YOUR ASSIGNMENT: For this exercise, an exact copy is needed of only the lines from the one containing "Jujurieux Apartment |" through the end of the data, with pictures left out.

****************

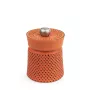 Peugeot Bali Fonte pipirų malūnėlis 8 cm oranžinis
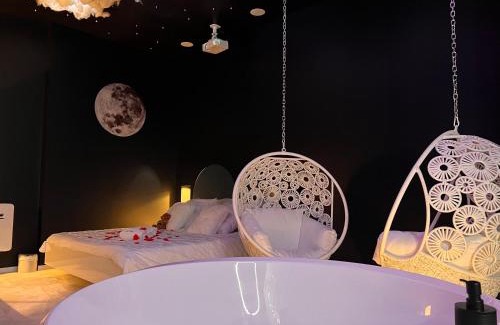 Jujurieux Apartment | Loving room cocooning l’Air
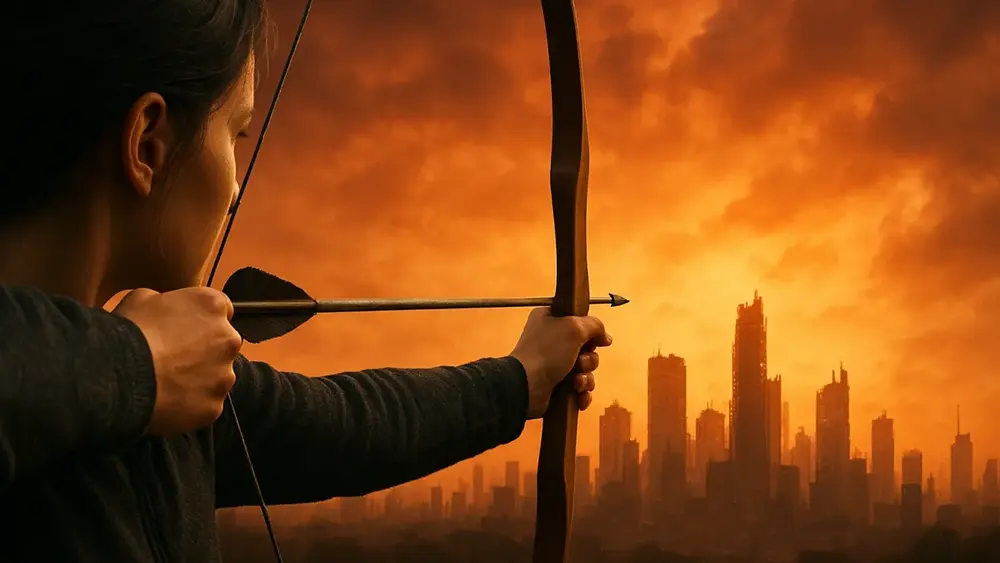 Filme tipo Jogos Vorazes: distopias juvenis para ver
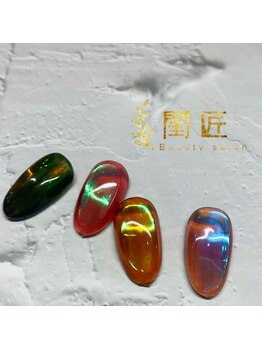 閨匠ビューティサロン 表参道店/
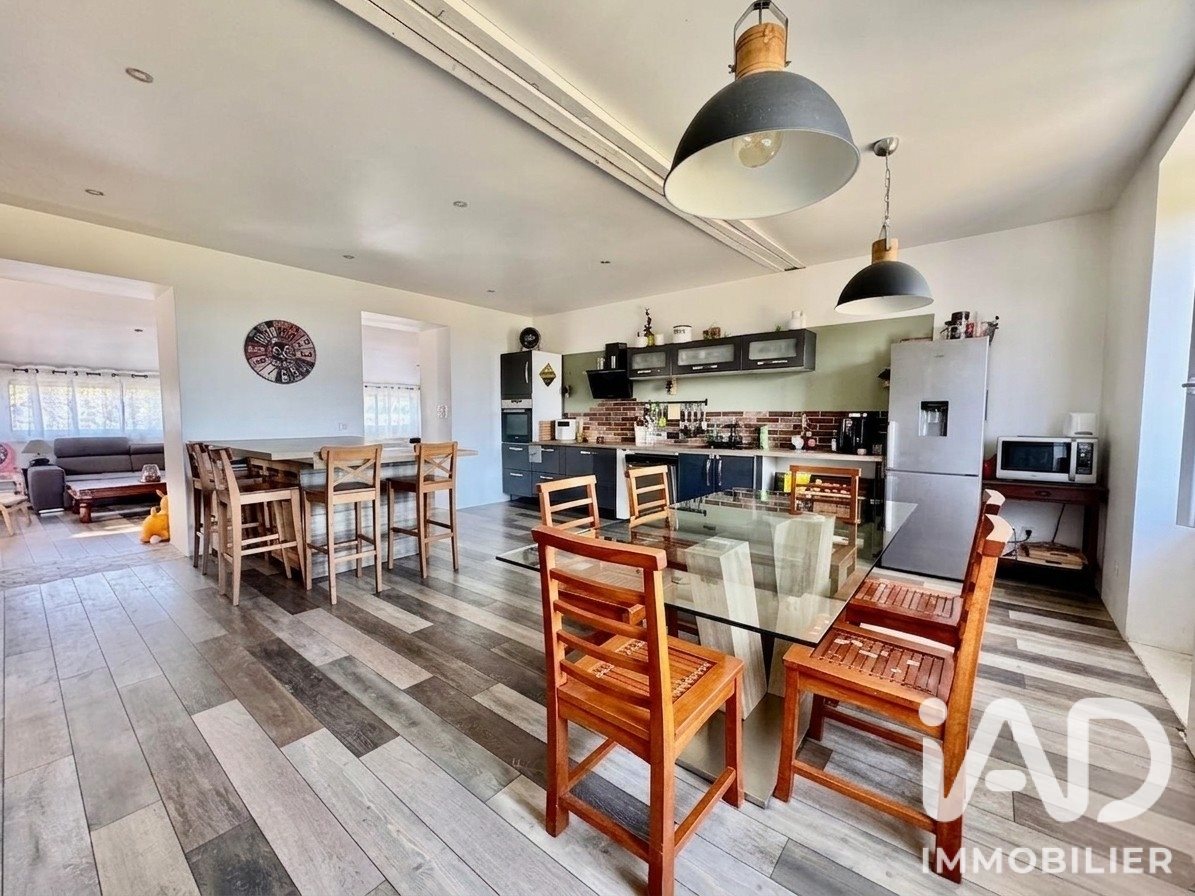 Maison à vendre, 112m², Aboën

****************

YOUR SOLUTION:
 Jujurieux Apartment | Loving room cocooning l’Air
 Filme tipo Jogos Vorazes: distopias juvenis para ver
 閨匠ビューティサロン 表参道店/
 Maison à vendre, 112m², Aboën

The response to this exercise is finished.